Grocers have tried plenty of tech solutions over the years to shorten the time customers spend in line. But the latest wait-shortening technology is coming not from an individual grocer, but Google’s crowdsourced data.
Also read, Alibaba's Grocery Stores Promises Consumers a ‘New Retail’ Experience.
Google Maps is implementing functionality that uses anonymous crowdsourced location data to let users see estimated wait times at grocery stores, according to Thrillist. Google will roll the technology out before Thanksgiving. The tool for determining the wait at grocery stores is the second of two data-driven crowd size-gauging tools. The first, which launched Tuesday, allows users to determine what the average wait time will be for a table at a given restaurant.
Grocer strategies for limiting customer frustration with lines have taken many forms. Some have tried distraction, installing digital signage to make the time in line pass more quickly. Others, like Hy-Vee, have tried data-driven “traffic lights” that gauge the business of each line and signal each customer to the fastest checkout.
Then there’s Amazon.com, which planned to do away with the grocery line entirely with its automated Amazon Go concept. While some speculate that Amazon may fold the checkout-free functionality into Whole Foods, Amazon Go remains in its beta phase and its official launch has been delayed indefinitely due to technical challenges, according to The Motley Fool.
Amazon’s other big line-killer has also run into problems. As AmazonFresh’s recent exit from numerous ZIP codes seems to indicate, grocery delivery is a tough nut to crack at scale, and may require some big technological leaps to be feasible in many markets.
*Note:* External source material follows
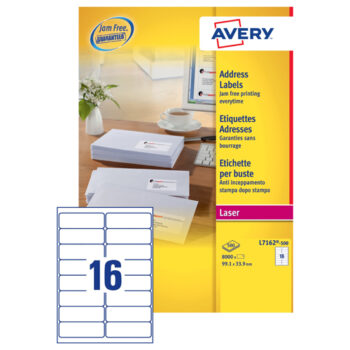Avery L7162-500 Laser Address A4 Labels 16 Per Page 99.1x33.9 White - 500 Sheets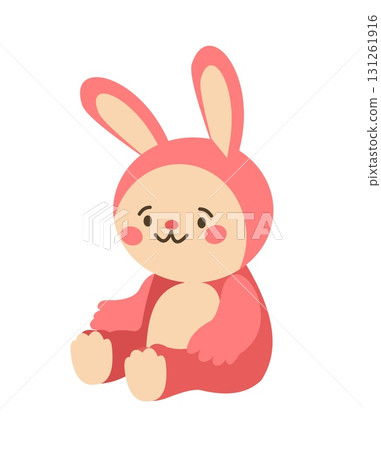Kids rabbit. Children toy. Pink plush soft bunny. Cartoon domestic animal. Adorable baby hare in sitting pose. Easter cute mammal. Childish fluffy doll. Little sweet pet. Vector isolated flat element 131261916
So, long lines at store checkouts may remain a reality for some time to come.
Studies have indicated that wait times exceeding four minutes sometimes lead shoppers to avoid stores at certain times, leave a store or even, in rare cases, stop visiting a store altogether.
The Google Maps feature may serve as an aid to grocers by instructing shoppers to avoid peak shopping times. However, the service may also serve to direct shoppers to competitors where waits are shorter.